### Work request:
Give back the whole listing word for word and skip each picture.

### Data to process:

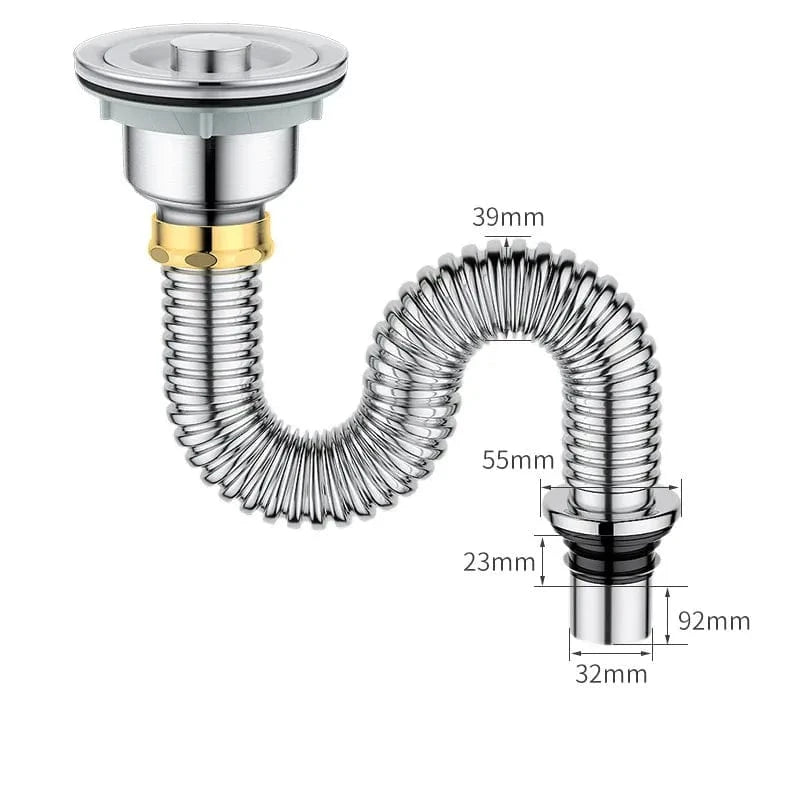 Mitigeo Siphon Cuisine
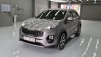   SUV Ƽ 2.0  2WD Ƽ (Źȣ:1419153)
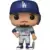 POP! MLB (baseball) - Los Angeles Dodgers - Mookie Betts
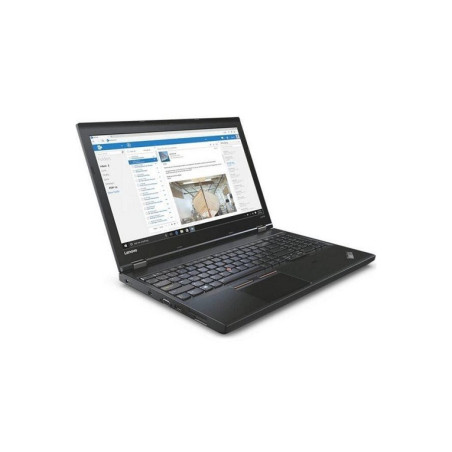 NOTEBOOK LENOVO THINKPAD L570 + BORSA -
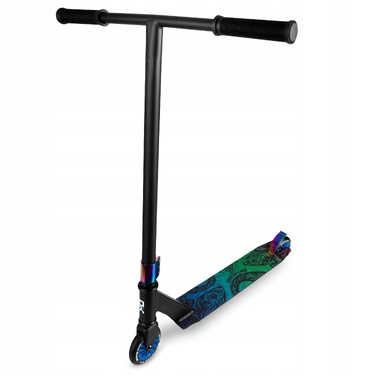 Трюковий самокат Soke EVO STREET ABEC-9 stunt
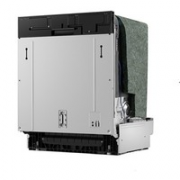 Haier 海尔 EYW13029D 嵌入式洗碗机  13套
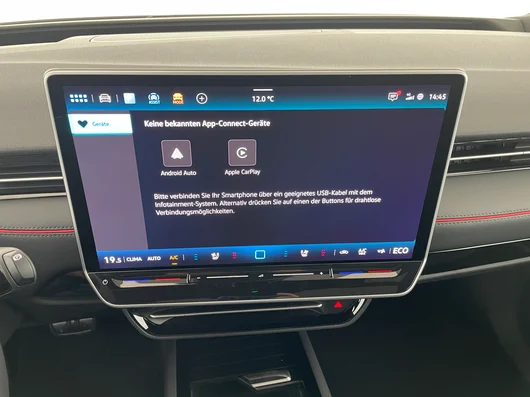 Bild eines VW ID.7 Tourer GTX 4MOTION 250 kW Business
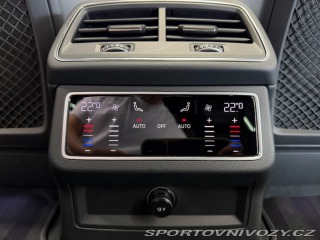 Audi S6 55TDI QUATTRO, WEBASTO, P 2024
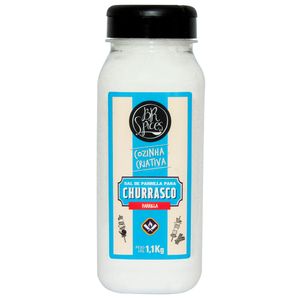 Sal Parrilla Br Spices 1,1kg Original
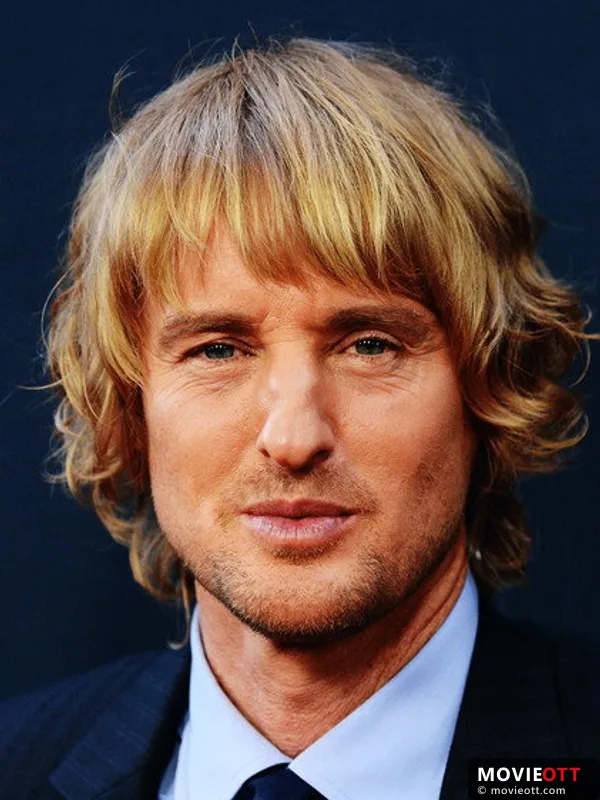 Owen Wilson — photo 5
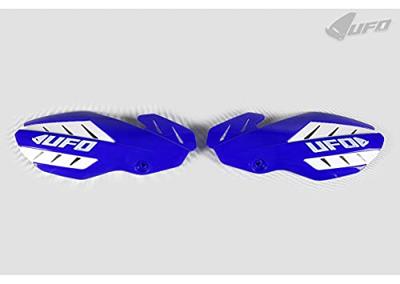 UFO PLAST handprotector hand protectors ufo yamaha blue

### Answer section:
 Mitigeo Siphon Cuisine
   SUV Ƽ 2.0  2WD Ƽ (Źȣ:1419153)
 POP! MLB (baseball) - Los Angeles Dodgers - Mookie Betts
 NOTEBOOK LENOVO THINKPAD L570 + BORSA -
 Трюковий самокат Soke EVO STREET ABEC-9 stunt
 Haier 海尔 EYW13029D 嵌入式洗碗机  13套
 Bild eines VW ID.7 Tourer GTX 4MOTION 250 kW Business
 Audi S6 55TDI QUATTRO, WEBASTO, P 2024
 Sal Parrilla Br Spices 1,1kg Original
 Owen Wilson — photo 5
 UFO PLAST handprotector hand protectors ufo yamaha blue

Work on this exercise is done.